Here’s my Top Ten Albums of 2004, as submitted for inclusion in the Village Voice’s annual Pazz and Jop Survey (minus the points I allocated):

1. The Wasted, We Are Already in Hell

2. The Fall, The Real New Fall LP…Formerly Country On the Click

3. The Residents, WB:RMX

4. Clutch, Blast Tyrant

5. Ministry, Houses of the Mole

6. P.J. Harvey, Uh Huh Her

7. Gibby Haynes and His Problem, Gibby Haynes and His Problem

8. Bjork, Medulla

9. Einsturzende Neubaten, Perpetuum Mobile

10. Bryan Thomas, Babylon

The Wasted and Bryan Thomas are local Albany folks, if you don’t recognize their names. They are both exceptional: marrying strong songwriting with kick-ass studio and live performances.

Here’s my favorite films of the year, so far:

1. Garden State

2. Hero

3. Collateral

4. Eternal Sunshine of the Spotless Mind

5. The Incredibles

6. Finding Neverland

7. Shaun of the Dead

8. Mean Girls

9. Shrek 2

10. Spider Man 2

I haven’t seen Sideways, Ray, Open Water and Closer, but I imagine some of them might bump off the lower ones in my seen-to-date list one I get to them.

The five worst movies I saw this year:

1. Napoleon Dynamite (Remember, I lived in Idaho: it wasn’t funny then, either. But this was just an exercise in creating unwatchable characters and letting them be stupid together. How this became a hit, I’ll never know.)

2. Van Helsing (I had no clue what was going on most of the time, drifting in and out of sleep between explosions and screams. BO-ring.)

3. The Stepford Wives (So much wasted talent on such an obviously doomed re-make.)

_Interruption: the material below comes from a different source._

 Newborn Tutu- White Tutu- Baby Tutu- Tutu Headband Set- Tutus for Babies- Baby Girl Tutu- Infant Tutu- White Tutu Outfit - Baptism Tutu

4. Spanglish (Hateful and mean; you know you’re in trouble when Adam Sandler is the most appealing thing in a movie.)

5. I, Robot (You know you’re in trouble when the robot is a better actor than Will Smith).

The only television show I watched regularly in 2004 was South Park, so I guess it wins my show of the year nod for the eighth year running, or however long it’s been on.

Okay. Time for more drugs now. My head is oozing.